Povera Norvegia, la cui democrazia deve essere sottoposta al giudizio dei tuttologi commentatori italiani, perplessi di fronte alla condanna a 21 anni di Anders Breivik per la strage di Utoya.
Dimenticano, gli evoluti e civili italiani, che, a differenza di quanto accade nel nostro esemplare Paese, la condanna in primo grado è giunta al termine di un processo durato 10 settimane e, in generale, a poco più di un anno dalla strage.
Dimenticano, sempre i nostrani dispensatori di virtù civiche, che l’ordinamento giuridico norvegese non prevede l’ergastolo, e che la pena di 21 anni è il massimo previsto dalla legge. E, ancora, che dopo aver scontato la pena il termine può essere esteso se il detenuto è ancora reputato un pericolo per la società.
Si dimenticano molte cose, in questo Paese, in fondo. Come l’art. 27 della Costituzione italiana, incentrato sulla rieducazione del detenuto, ormai stralciato quotidianamente, ignorato, abbandonato (perfino dall’Unità che oggi chiede ai suoi lettori, in modo ironico e bieco: “Breivik è stato dichiarato sano di mente. E indovinate quanti anni di carcere sconterà...”).

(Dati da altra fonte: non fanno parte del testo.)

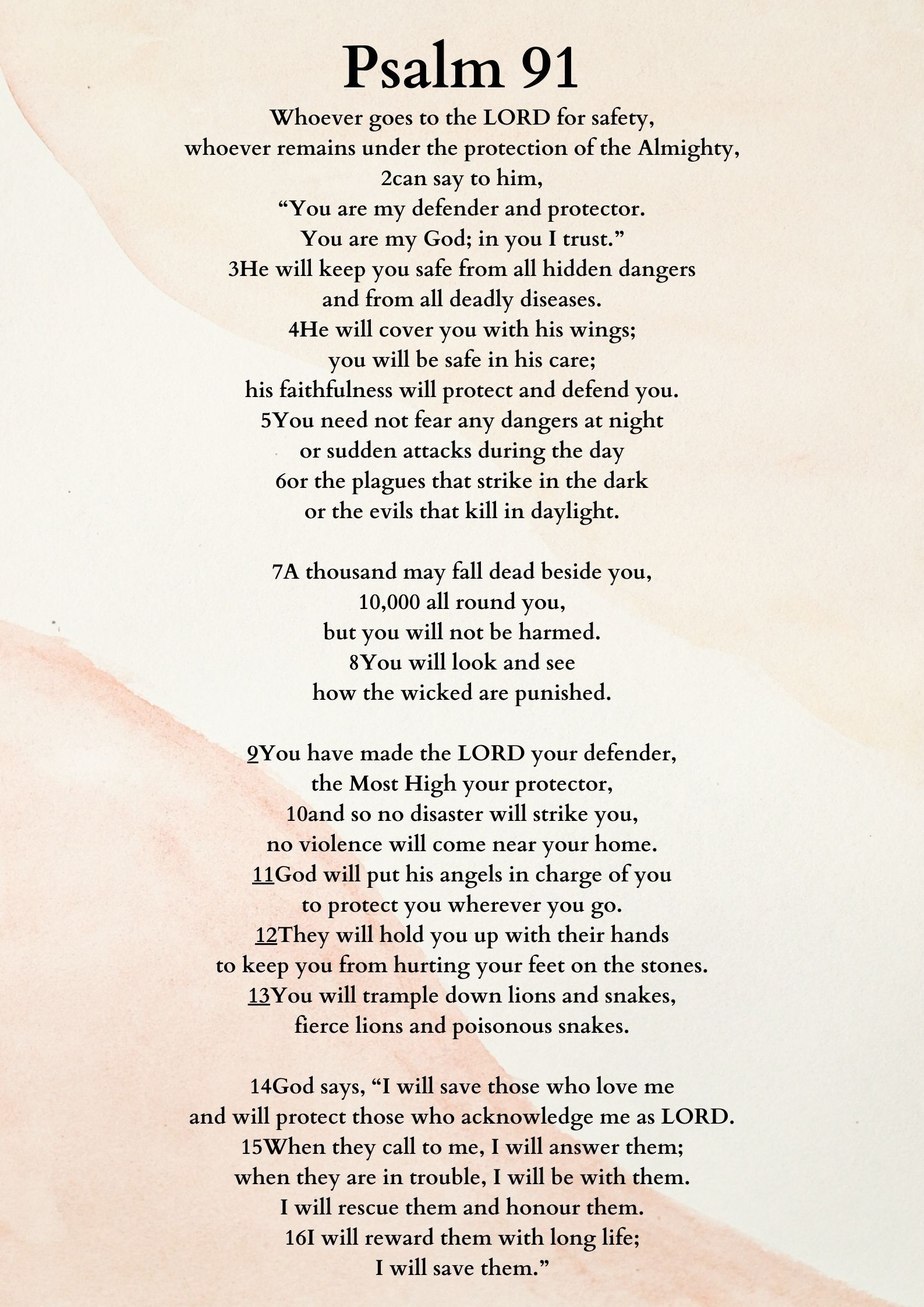 Printable Psalm 91Elainejeanlambojon - Raket.ph intended for Printable Free Printable Psalm 91 Prayer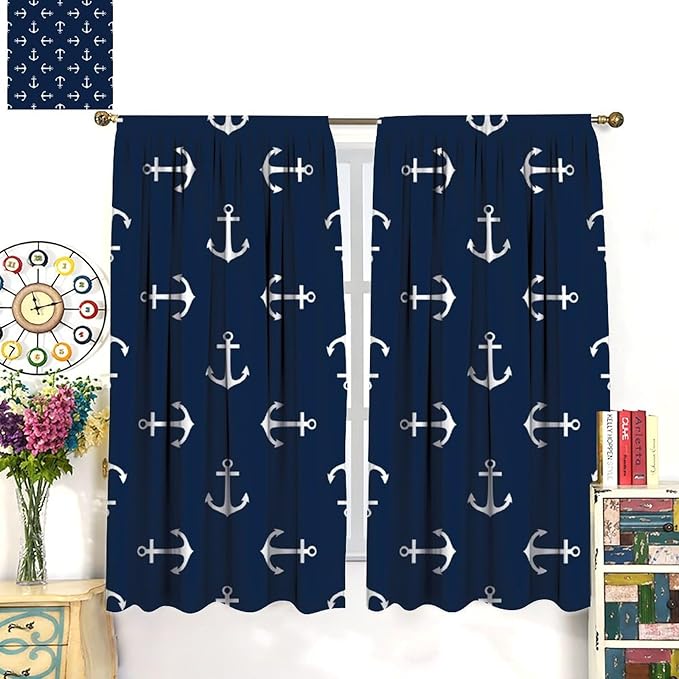 Nautical Curtains,MarineThemed Oceanic Anchor Pattern Blackout Print Home Bedroom Living Room Window Treatments 2 Panel Set 42x45 Inch
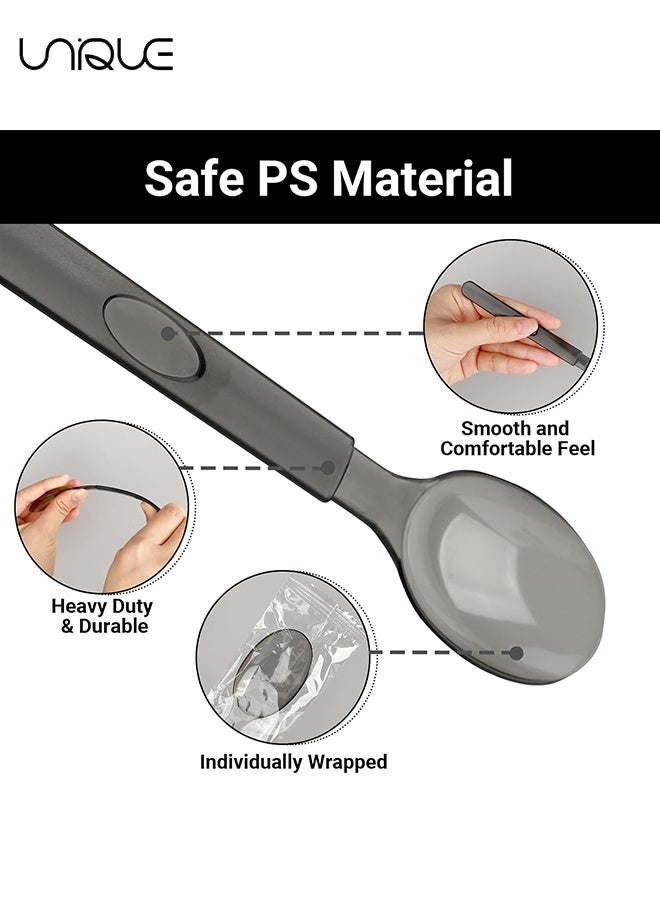 Unique 50 Pcs Plastic Spoons Disposable - 6.8"x1.3" Spoons Plastic - Heavy Duty Spoons Plastic Cutlery - Disposable Utensils Set - Individually Packaged - for Party Bulk Wedding Birthday Holiday Family Gathering, Chocolate Coffee Flavor Ice Cream, Dessert Spoons for Party - Image 3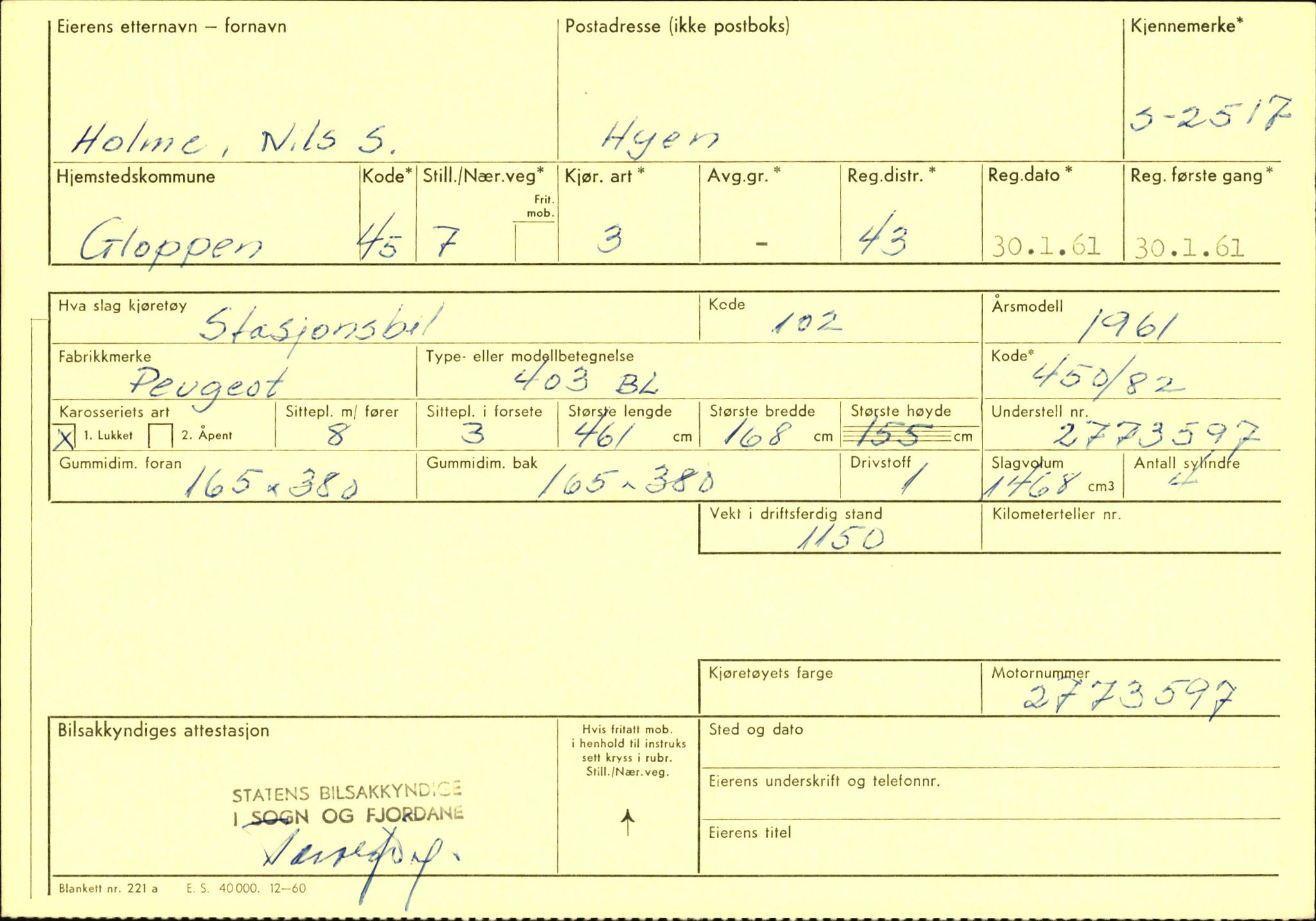 Statens vegvesen, Sogn og Fjordane vegkontor, AV/SAB-A-5301/4/F/L0004: Registerkort utmeldte Fjordane S2500-2700, S7200-7899, 1930-1961, p. 27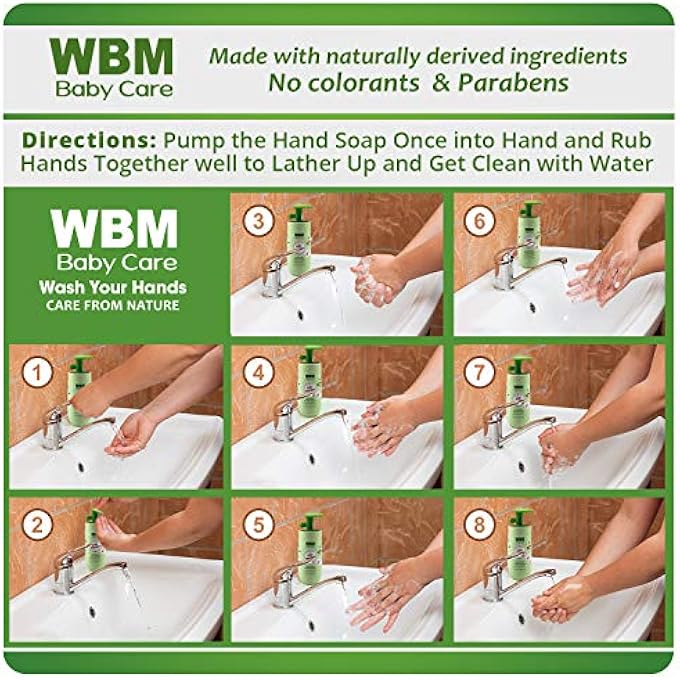 WBM CARE BABY NATURAL LIQUID HAND SOAP - HONEY, WHEATGERM & ORGANIC OLIVE OIL - 6.8 OZ (PACK OF 3) - Image 4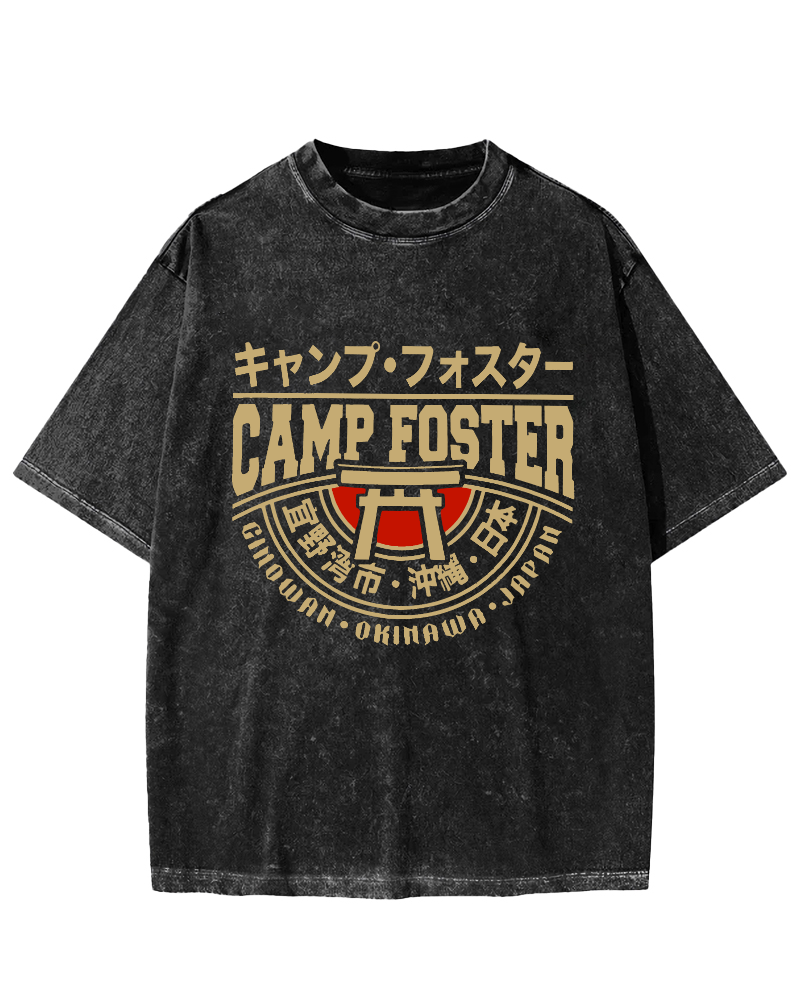 Japanese Okinawa Retro Vintage Washed T-shirt-Zazasy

Qualcuno diceva che “per ridurre la criminalità non basta chiudere a chiave i criminali in una stanza, ma bisogna educarli e aiutarli con i fatti a reintegrarsi nella società”. Non era un saggio ed illuminato italiano, ma il ministro della Giustizia norvegese. Perché gli ultimi a poter dare lezioni, siamo proprio noi.